This is not to suggest that no fluid dynamicist has done work worthy of a Nobel Prize. Ludwig Prandtl, for example, revolutionized fluid dynamics with the concept of the boundary layer (pdf) in 1904 but never received the Nobel Prize for it, perhaps because the committee shied from giving the award for an achievement in classical physics. General consensus among fluid dynamicists is that anyone who can prove a solution for turbulence using the Navier-Stokes equation will likely receive a Nobel Prize in addition to a Millennium Prize. In the meantime, we carry on investigating fluids not for the chance at glory, but for the joy and beauty of the subject. (Image credits: Improbable Research and Wikipedia)

Selective Suction
A thin spout of water is drawn up through a layer of oil in the photo on the right. This simple version of the selective withdrawal experiment is illustrated in Figure A, in which a layer of viscous oil floats above a layer of water. A tube introduced in the oil sucks fluid upward. At low flow rates, only the oil will be drawn into the tube, but as the flow rate increases (or the tube’s height above the water decreases), a tiny thread of water will be pulled upward as well. The viscous outer fluid helps suppress instabilities that might break up the inner fluid, and their relative viscosities determine the thickness of the initial spout. In this example, the oil is 195 times more viscous than the water. (Photo credit: I. Cohen et al.)

Wind Tunnel Testing
Wind tunnel testing is an important step in designing new aircraft. This video shows footage of visualization tests of the 21-ft wingspan Boeing X-48C model in NASA Langley’s Full-Scale Tunnel. The X-48C is a blended wing body design capable of higher lift-to-drag ratios than conventional aircraft, which should lead to a higher range and greater fuel economy. The video shows some smoke visualization that illustrates airflow around the airfoil-shaped craft. The long probe sticking forward from the starboard wing is used to measure air pressure, angle of attack, and sideslip angle of the model. Notice how smoke from the wand is pulled from below the leading edge of the wing up and over the top of the wing. This is because there is lower pressure over the top of the wing than the bottom, and, like an electrical charge seeking the path of least resistance, fluids flow preferentially toward lower pressures. (Video credit: NASA Langley)

Ferrofluid Thrusters
Ferrofluids–magnetically-sensitive fluids made up of a carrier liquid and ferrous nanoparticles–may soon have a new application as a miniature thruster on nanosatellites. Microspray thrusters use tiny hollow needles to electrically spray jets of liquid that propel a satellite. But manufacturing the fragile microscopic needles used to disperse the propellant is expensive.

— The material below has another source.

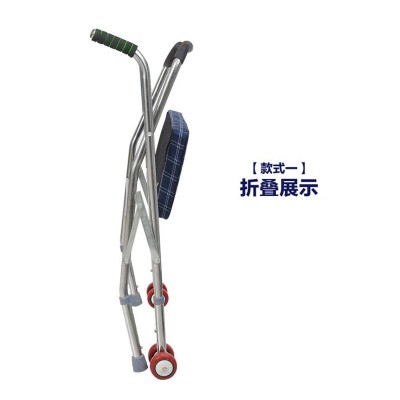 助行器可折叠不锈钢带轮子座椅子学走路训练器老人手推车图5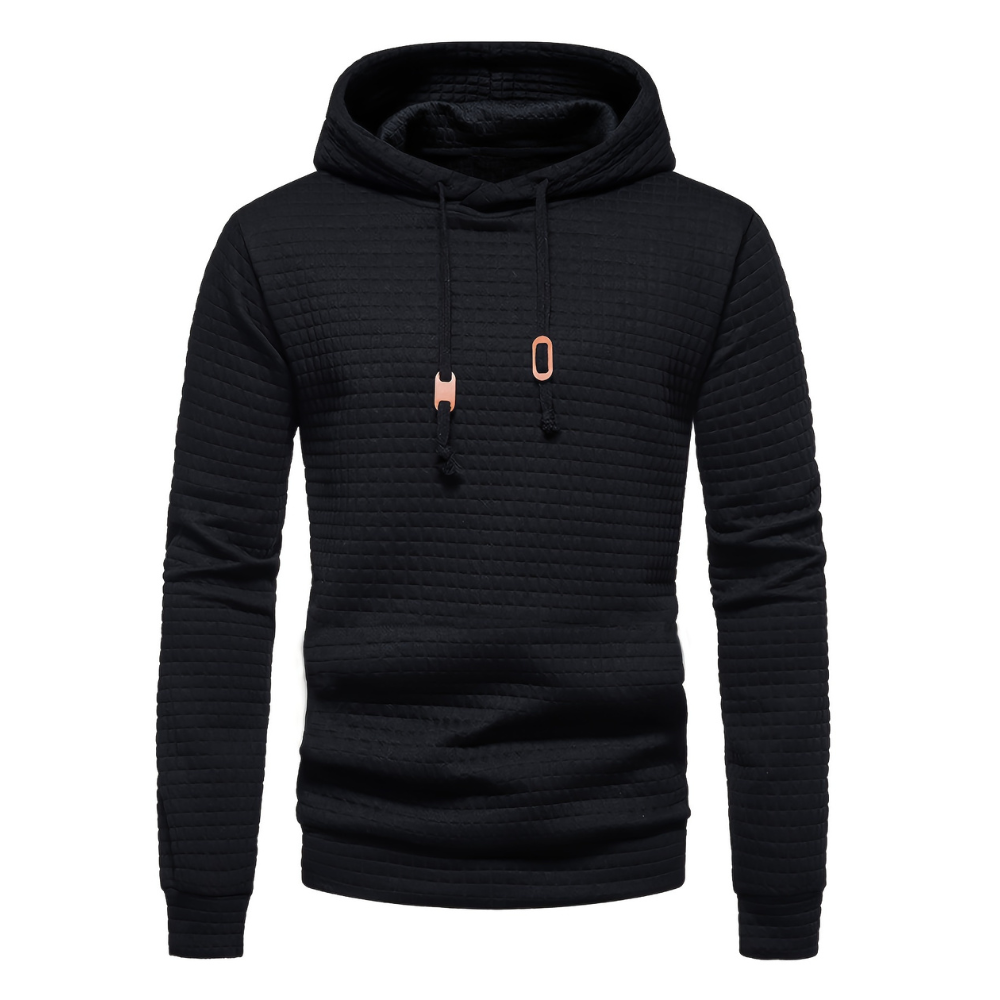 Jacquard Check Pullover Hoodie With Hoodie For Casual And Training Wear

Instead researchers are now using ferrofluids to create both the needle-like structures and to serve as the propellant. A ring of ferrofluid is placed on the thruster surface and a magnetic field applied to create the ferrofluid’s distinctive spikes. Then, when an electric force is applied, tiny jets of ferrofluid spray out from each tip, creating thrust. Unlike the conventional needles, the ferrofluid spikes are robust and can reform after being disturbed. (Photo credit: L. B. King et al.; submitted by jshoer)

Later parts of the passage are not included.